Senescence catechism

catechism1

How does senescence enable plants to survive in a testing environment?

  • Senescence is a terminal developmental event that usually, but not invariably, results in death of the plant or its parts
  • Stress (non-optimal environment) is a way of life for plants and selective senescence is one of the main ways they deal with it
  • Senescence is a pervasive biological process that dominates many ecosystems and, as satellite imaging shows, can be seen from space
  • Autumnal senescence of temperate forests is an example of senescence deployed strategically to deal with regularly recurring stresses
  • Senescence is often a tactical response to unscheduled challenges such as unseasonal drought
  • Internal nutrient recycling during senescence attunes individuals and communities to the nutritional status of the soil environment
  • Physiological collapse, where stress exceeds adaptive and acclimatory capacities, is a failure, rather than a result, of senescence
  • Senescence in the life-cycle is a critical phenological metric and a sensitive indicator of biosphere response to global change

How and why did senescence arise in plant evolution?
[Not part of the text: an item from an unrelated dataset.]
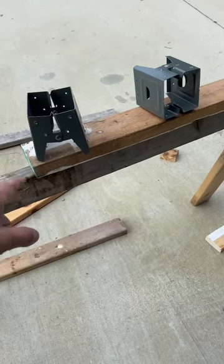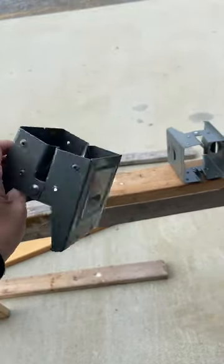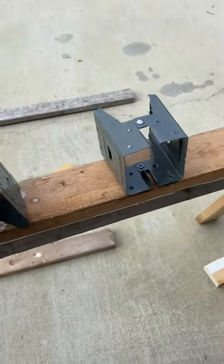Have any of you guys tried to buy sawhorses lately? The price is ridiculous. Check us out though — all you really need are some 2x4s and these brackets. You can get them on Amazon. Of course the big box stores don't sell them anymore because they want you to buy their $50 sawhorses, or you can build your own for less than $30.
  • Senescence is an assemblage of processes that arose at different times in evolution
  • The origins of the components of the senescence syndrome can be reconstructed by phylogenetic analyses
  • Molecular studies of phylogenetic distribution show carotenoid and chlorophyll metabolism in senescence to be evolutionarily ancient
  • Building senescence into the developmental repertoire has contributed to the diversification of structures, functions and lifeforms
  • The physiologies of senescing leaves, ripening fruits and developing floral organs are variations on a common theme
  • To understand plant life-cycles and ecophysiologies, we need insights into the relationship of senescence to ageing
  • Organisms that reproduce once and die are termed semelparous; monocarpic plants are semelparous
  • Iteroparous organisms reproduce repeatedly throughout their lifespan; polycarpic perennial plants are iteroparous
  • Plants represent a unique perspective on the central biological question of how reproduction and senescence are related
  • Monocarpic species exemplify the concept of death as the price paid for sex but polycarps do not conform to this principle
  • The nature of ageing in plants is a challenge to models of biological ageing coming out of gerontology and medical sciences

What part does senescence play in a plant’s relations with other living organisms?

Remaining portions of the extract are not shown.